:: Exercise brief ::
What is wanted is every line below from the one with "Weston, FL 33331" up to and including the one with "Elara Shoulder Bag", retyped exactly, pictures excluded, nothing else.

:: Data extracts ::
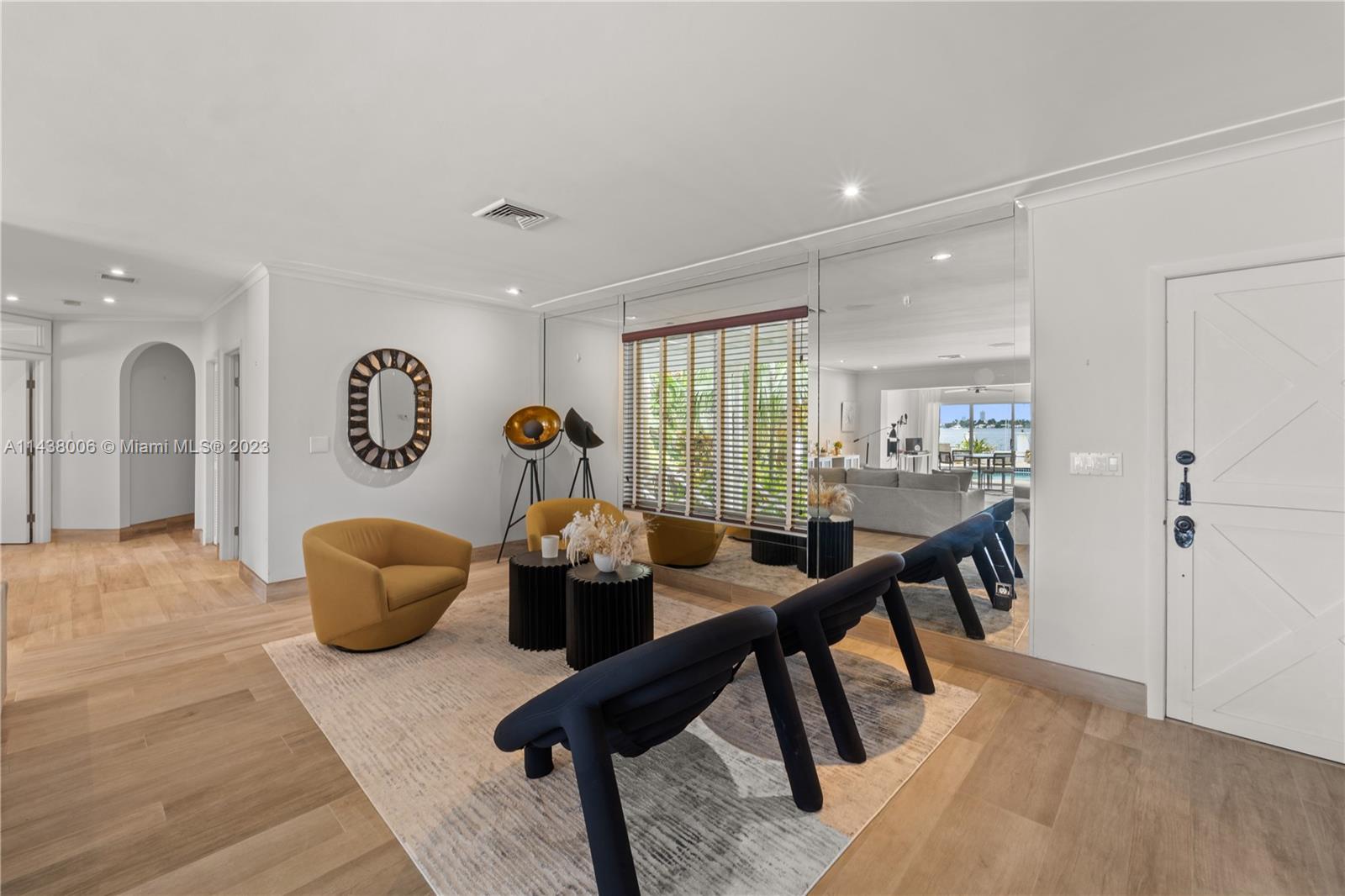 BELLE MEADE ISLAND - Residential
---
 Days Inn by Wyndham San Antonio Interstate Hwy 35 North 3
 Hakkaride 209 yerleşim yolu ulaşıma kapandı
---
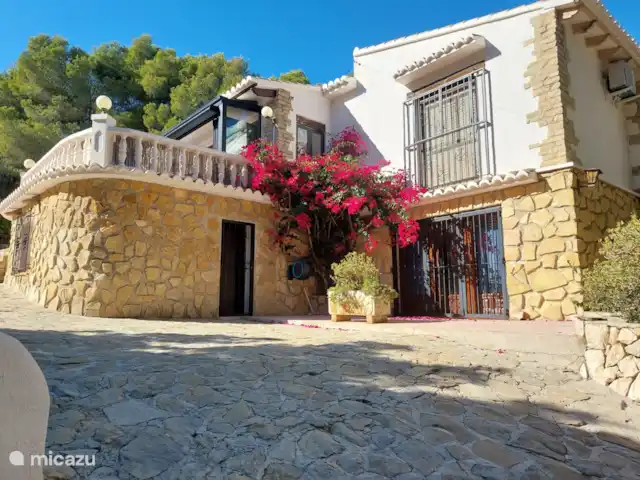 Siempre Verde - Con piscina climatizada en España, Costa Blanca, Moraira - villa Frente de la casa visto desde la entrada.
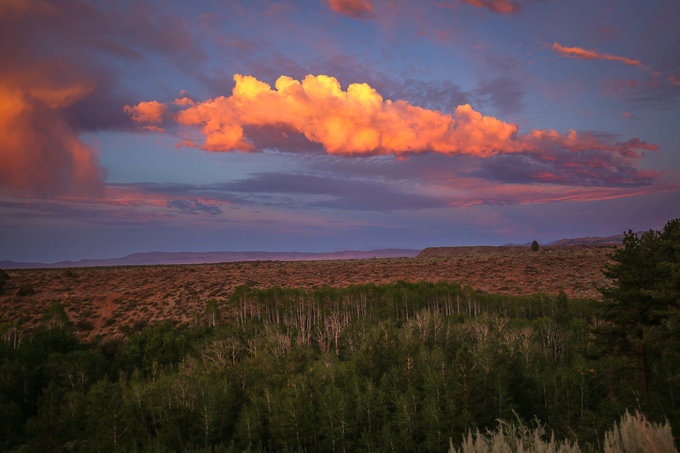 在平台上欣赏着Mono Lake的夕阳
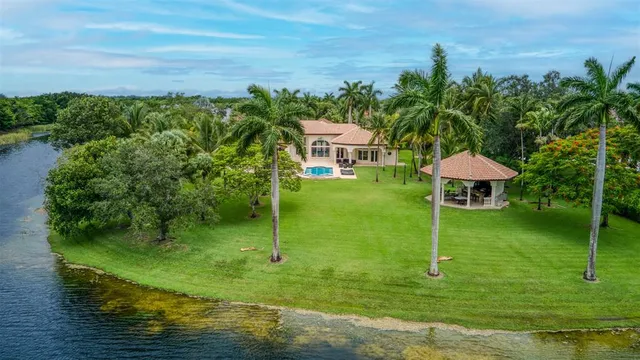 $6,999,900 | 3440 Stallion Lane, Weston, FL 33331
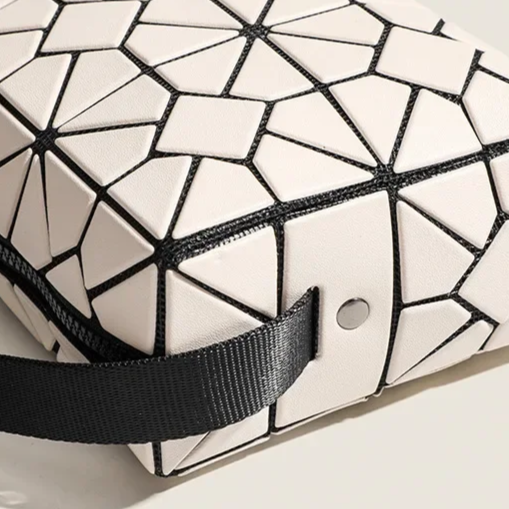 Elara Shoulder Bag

:: Reply ::
 $6,999,900 | 3440 Stallion Lane, Weston, FL 33331
 Elara Shoulder Bag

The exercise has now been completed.